I loved the three-storey, sun-blackened wooden chalets with their steeply-pitched tiled rooves and window boxes crammed with bright red geraniums and petunias.

Even the bell-toting cows were pretty. They played ding-dong melodies as they ambled around green hillsides, converting grass sprinkled with wildflowers into high-fat milk for the delicious cheese, yoghurt and chocolate I consumed in alarming quantities every day.
Switzerland's superb transport system is one of her many charms. It enables mere mortals to masquerade as serious hikers or even mountaineers.

You can ascend the equivalent of Aorangi-Mt Cook in around 15-20 minutes, pretend you've spent all day hiking up, look suitably exhausted and exhilarated, indulge in hearty alpine fare at a mountain restaurant, bask in sunshine amid the majesty of lofty 4000-metre mountain peaks and hike down the track or catch a cable-car.

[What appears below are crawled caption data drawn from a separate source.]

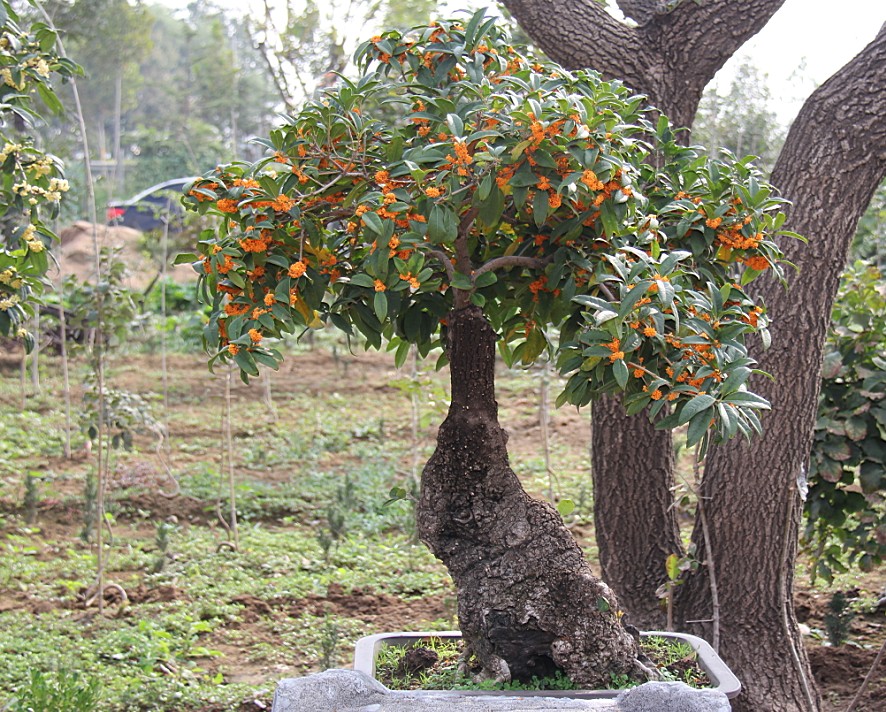 精桩桂花盆景价格，古桩桂花盆景销售，四季桂花盆景批发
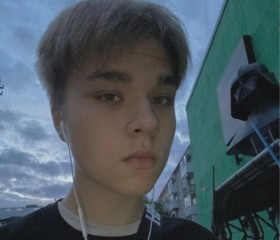 Никита, 19 лет, Архангельск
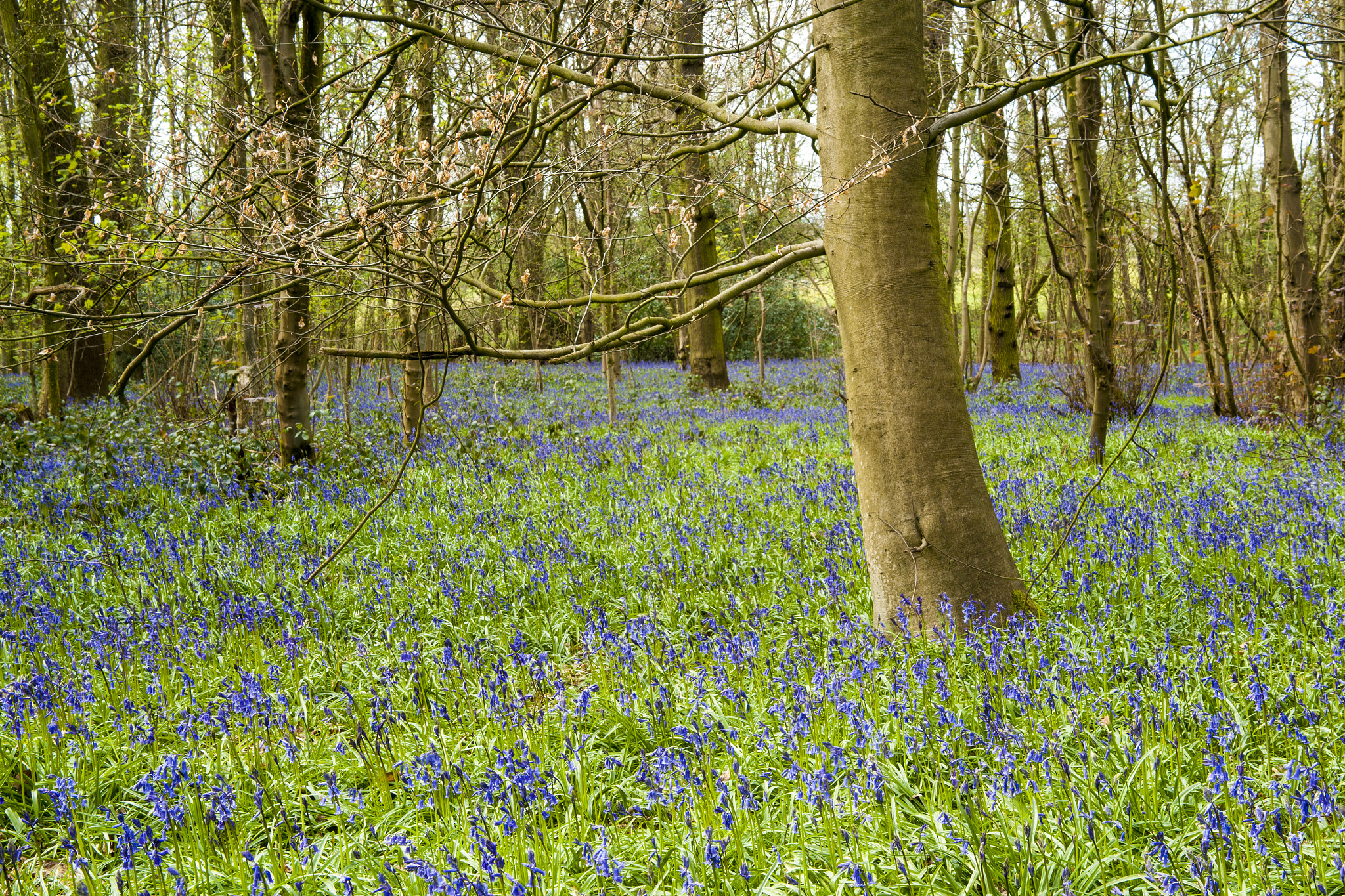 Sony Alpha DSLR-A900 + Sigma ZOOM-alpha 35-135mm F3.5-4.5 sample photo. Bluebell wood. photography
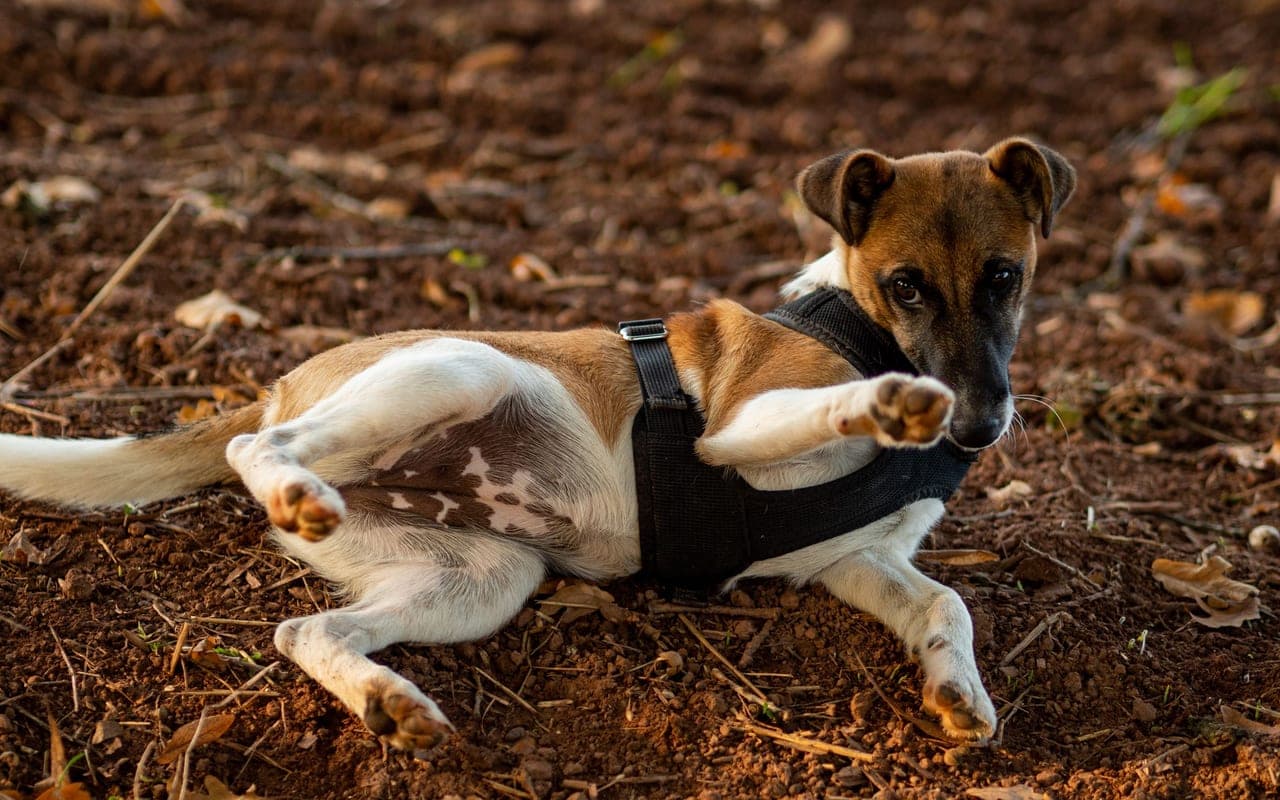 Smooth Fox Terrier — photo by Fabian Köhler (Pexels)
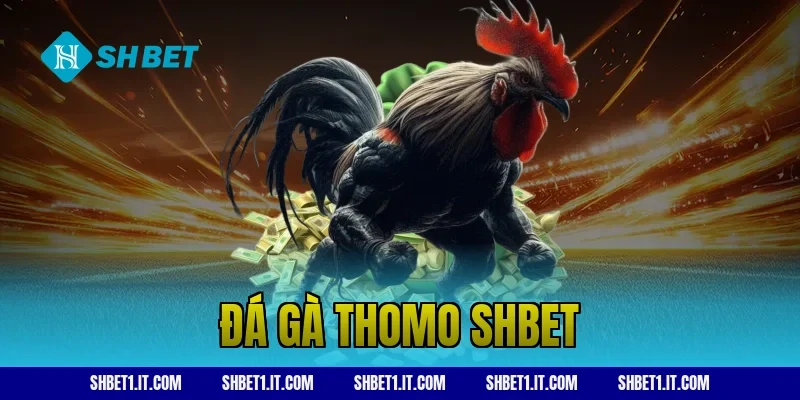 đá gà thomo SHBET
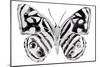 Monochrome Wings Whole II-Annie Warren-Mounted Art Print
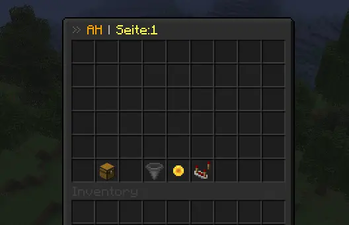 Auctionhouse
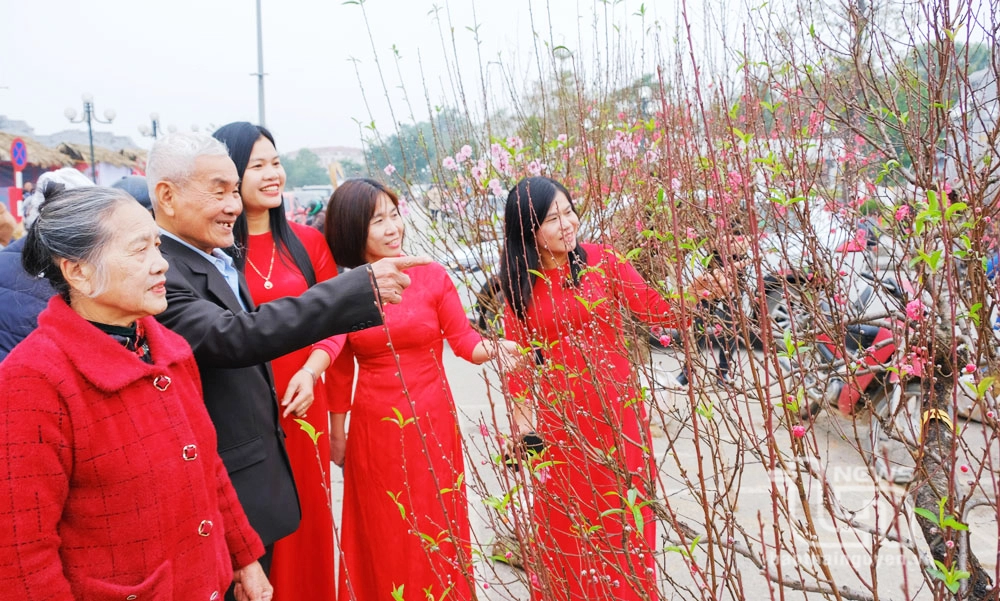 Hoa xuân rộn ràng trong ảnh chợ đào tết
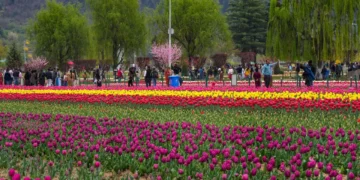 srinagar garden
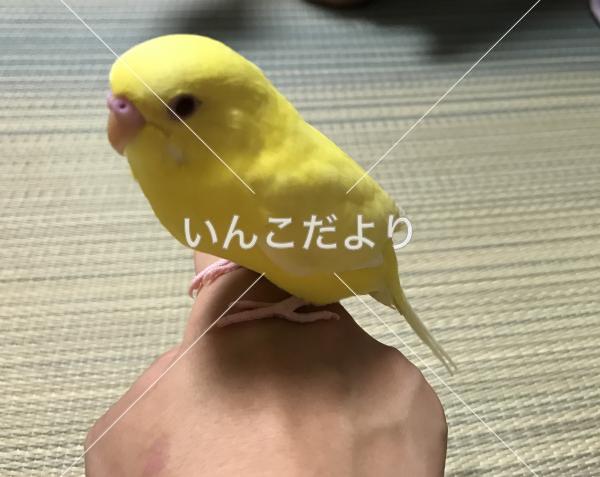 迷い鳥の写真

There must have been something in the air — I felt a heady sense of effervescence bubbling up inside me like spritzig in a glass of prosecco the whole time I was there. Perhaps it was the breath-taking scenery or the altitude? Or maybe the wonderful sense of achievement that a mere mortal like me could hike the Bear Trek ... with a little help along the way.

FACTBOX
The Bear Trek is part of the Via Alpina, a network of five international trails, covering 5000km through eight countries. Established in the year 2000, the Via Alpina has 342 stages on clearly-marked paths from zero to 3000m above sea level. Mountain restaurants and hotels provide meals and accommodation along with way. Eurotrek organised our accommodation and luggage transfers so we just carried light day packs.

Justine Tyerman was a guest of Switzerland Tourism, travelled courtesy of Swiss Travel Pass and hiked in the Jungfrau Region with Eurotrek.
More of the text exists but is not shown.